:: Action item ::
Below is a set of records; reproduce them exactly without their pictures.

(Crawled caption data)
'''

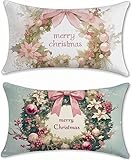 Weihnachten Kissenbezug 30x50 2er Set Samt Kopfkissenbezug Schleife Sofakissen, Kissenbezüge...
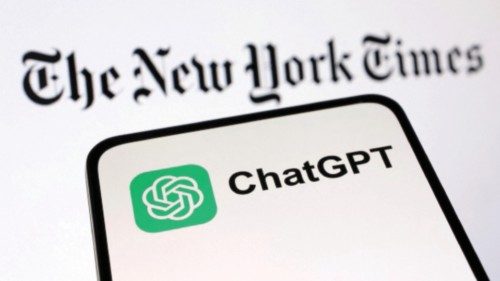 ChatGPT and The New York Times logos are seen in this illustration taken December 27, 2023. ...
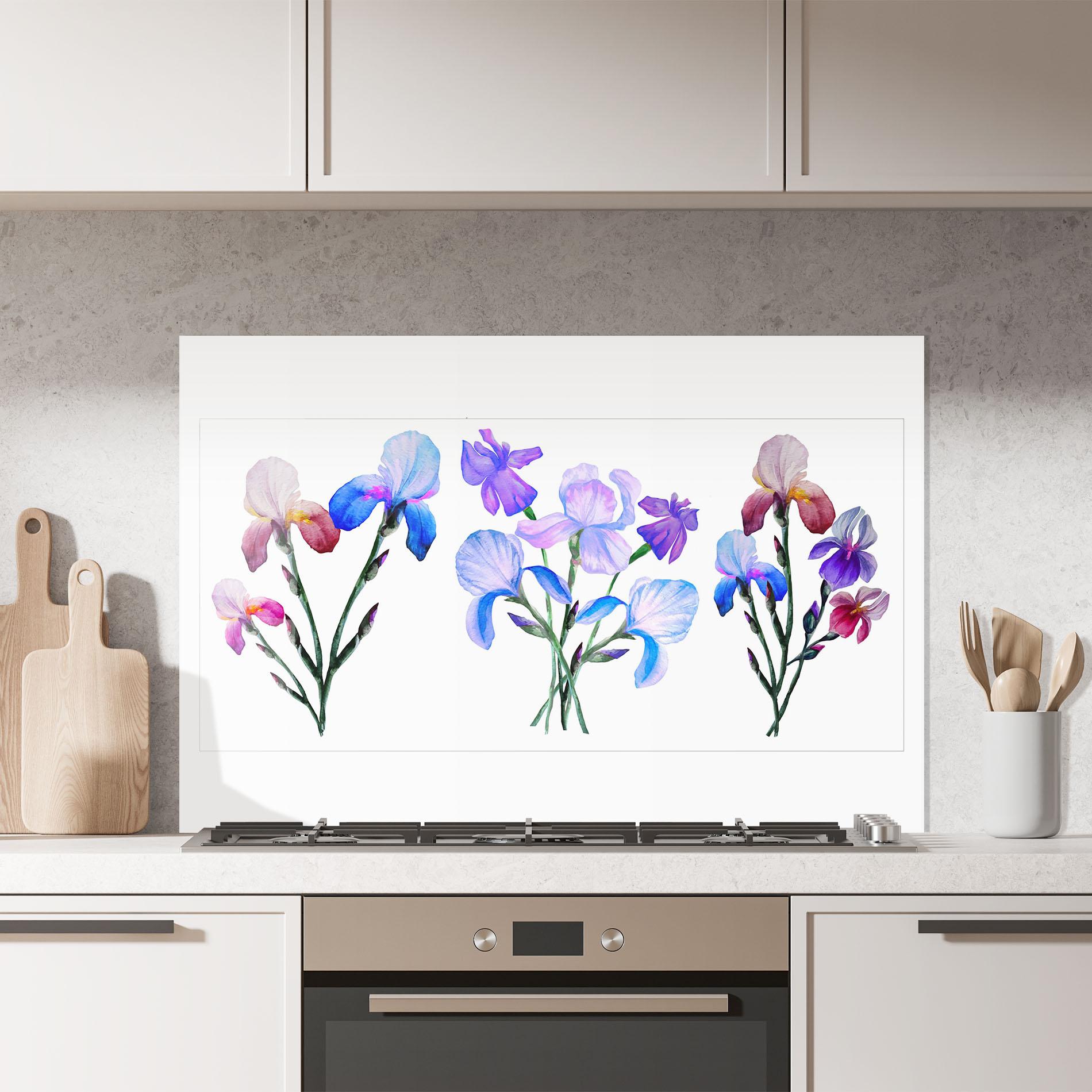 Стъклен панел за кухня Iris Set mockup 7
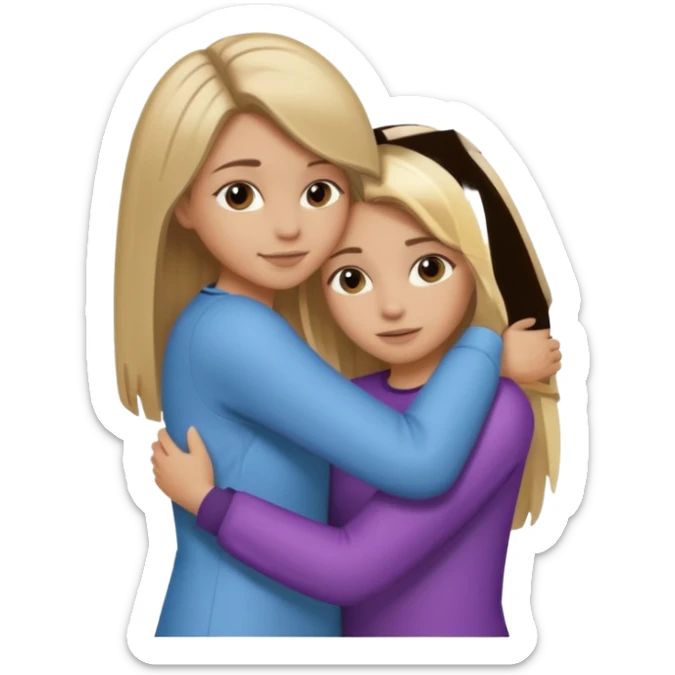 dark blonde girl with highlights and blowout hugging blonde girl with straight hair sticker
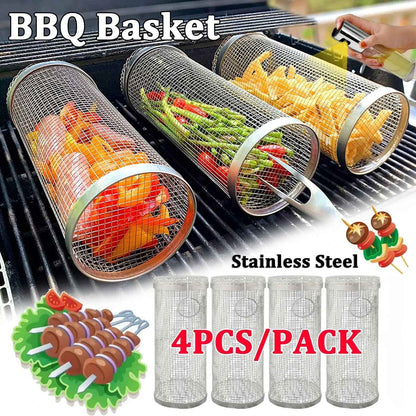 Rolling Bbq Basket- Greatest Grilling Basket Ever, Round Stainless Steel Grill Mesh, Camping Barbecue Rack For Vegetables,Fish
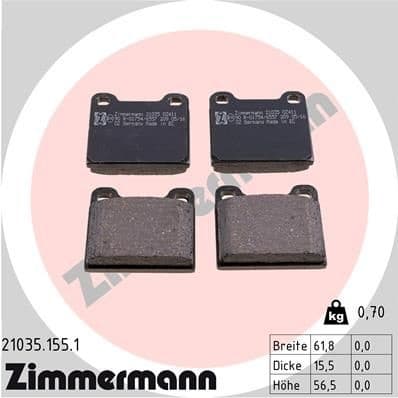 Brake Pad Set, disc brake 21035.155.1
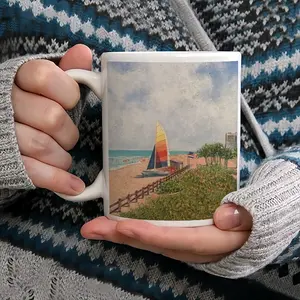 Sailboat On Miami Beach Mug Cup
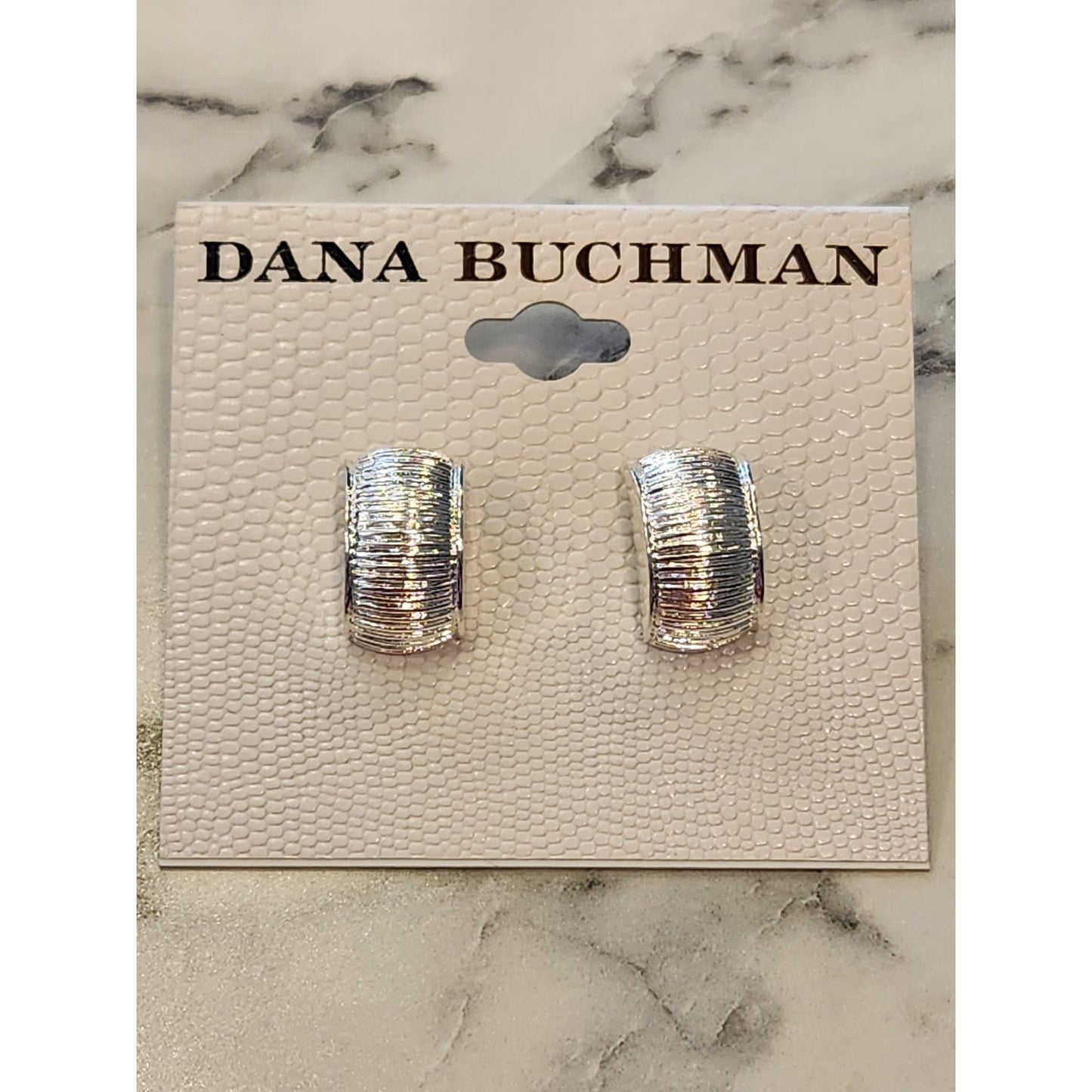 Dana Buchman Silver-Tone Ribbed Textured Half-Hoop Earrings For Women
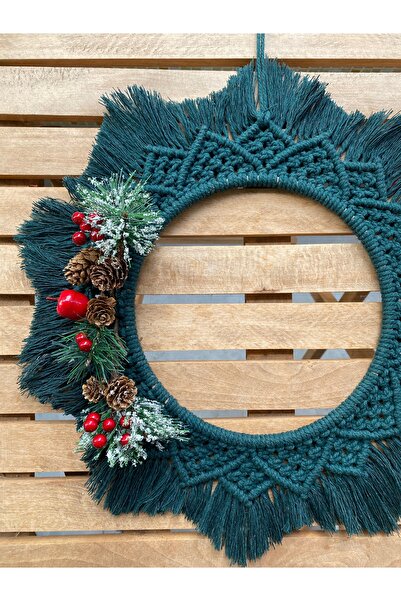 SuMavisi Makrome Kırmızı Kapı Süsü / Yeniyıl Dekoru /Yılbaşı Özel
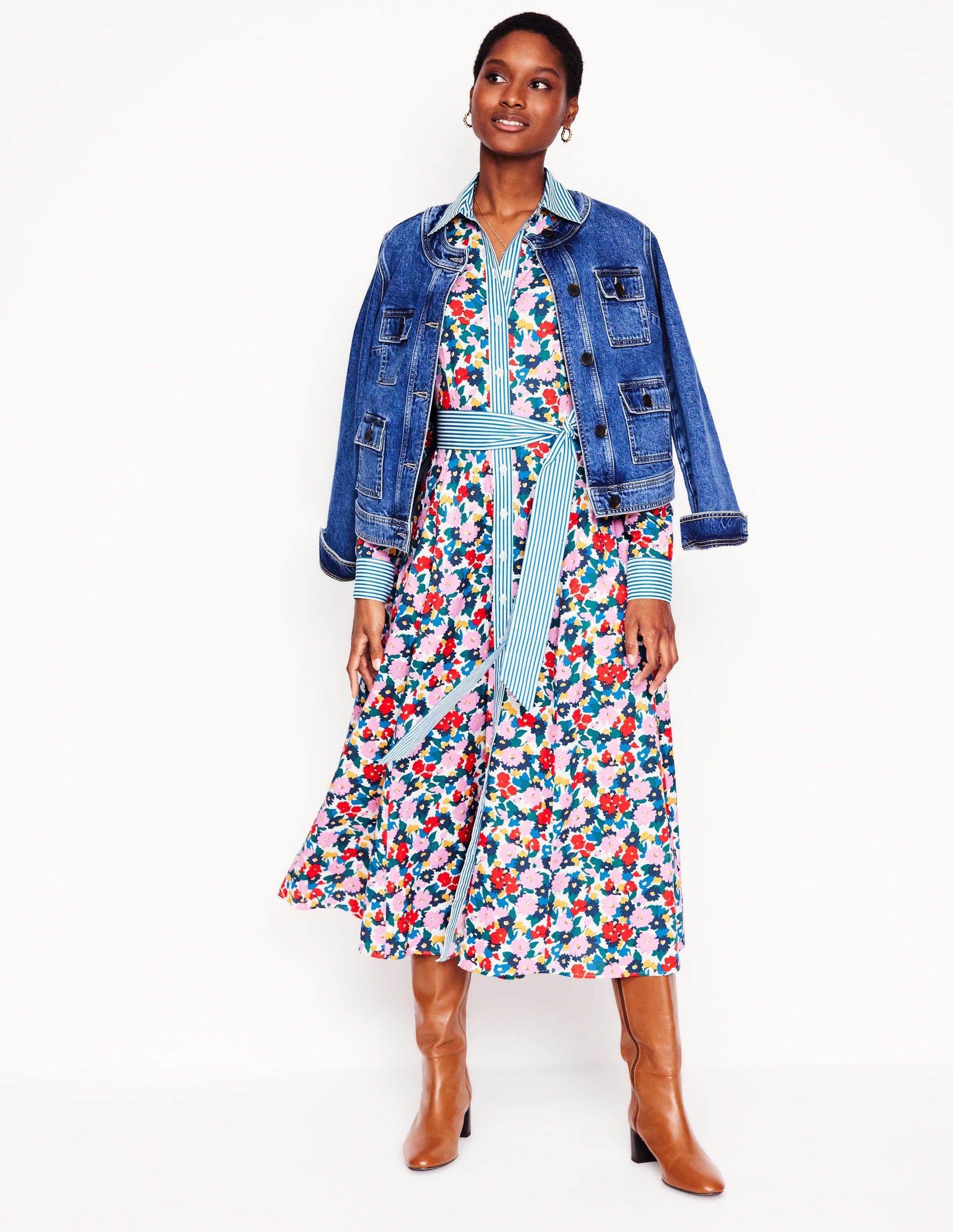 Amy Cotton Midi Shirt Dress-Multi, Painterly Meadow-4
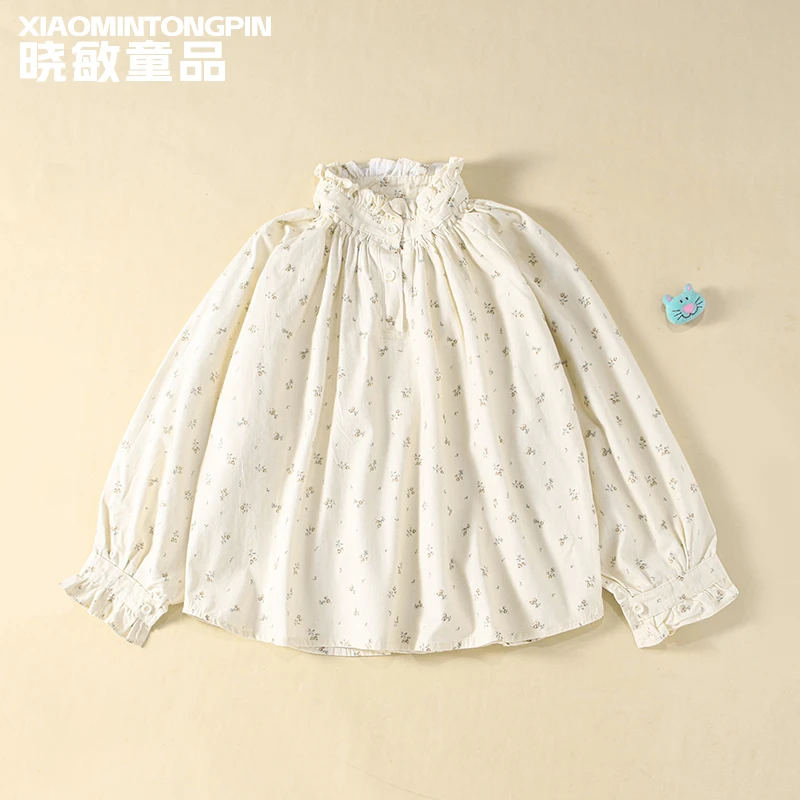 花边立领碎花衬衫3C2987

'''

:: Task answer ::
 Weihnachten Kissenbezug 30x50 2er Set Samt Kopfkissenbezug Schleife Sofakissen, Kissenbezüge...
 ChatGPT and The New York Times logos are seen in this illustration taken December 27, 2023. ...
 Стъклен панел за кухня Iris Set mockup 7
 dark blonde girl with highlights and blowout hugging blonde girl with straight hair sticker
 Rolling Bbq Basket- Greatest Grilling Basket Ever, Round Stainless Steel Grill Mesh, Camping Barbecue Rack For Vegetables,Fish
 Brake Pad Set, disc brake 21035.155.1
 Sailboat On Miami Beach Mug Cup
 Dana Buchman Silver-Tone Ribbed Textured Half-Hoop Earrings For Women
 SuMavisi Makrome Kırmızı Kapı Süsü / Yeniyıl Dekoru /Yılbaşı Özel
 Amy Cotton Midi Shirt Dress-Multi, Painterly Meadow-4
 花边立领碎花衬衫3C2987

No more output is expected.